И ей, бывшей театральной актрисе, и мне, «известному режиссеру», было уж немало лет, дети выросли, приезжали из Москвы нечасто, мы жили на даче одни. Она считала меня большим ребенком, как впрочем, и в молодости, словно не помня моего военного прошлого; она, видимо, гордилась моей режиссерской известностью, не выказывая это внешне, с ненавязчивостью напоминая, что я аккуратно должен отвечать на письма своих поклонников.
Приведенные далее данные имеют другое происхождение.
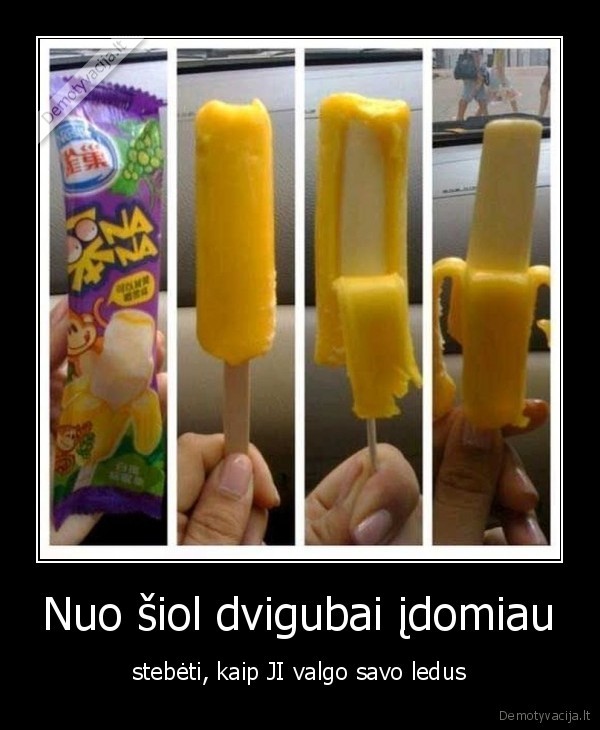 Nuo šiol dvigubai įdomiau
В дачном одиночестве, в снегах, в пахучих дождях, в октябрьских ветрах над крышей, в потоках весеннего солнца, в окружении книг, художественных монографий, в обществе кошки, спящей в кресле около письменного стола, что-то изменялось во мне к звездному царству ночей, и главное, – к моему верному единственному другу, моей жене. Не погасшая за многие годы наша близость перешла в новое чувство нежности, порой горячей до слез. И казалось, это же испытывала она, когда перед сном я целовал ее не в губы, а в лоб как ребенка, а она, гладя мои щеки, всматриваясь преданными глазами мне в глаза, повторяла: «Миленький, миленький…». Даже работая в своей мансарде, я скучал без нее и спускаясь вниз, брал ее за плечи и просил: «Подымись ко мне. Посиди со мной. Ты не будешь мне мешать».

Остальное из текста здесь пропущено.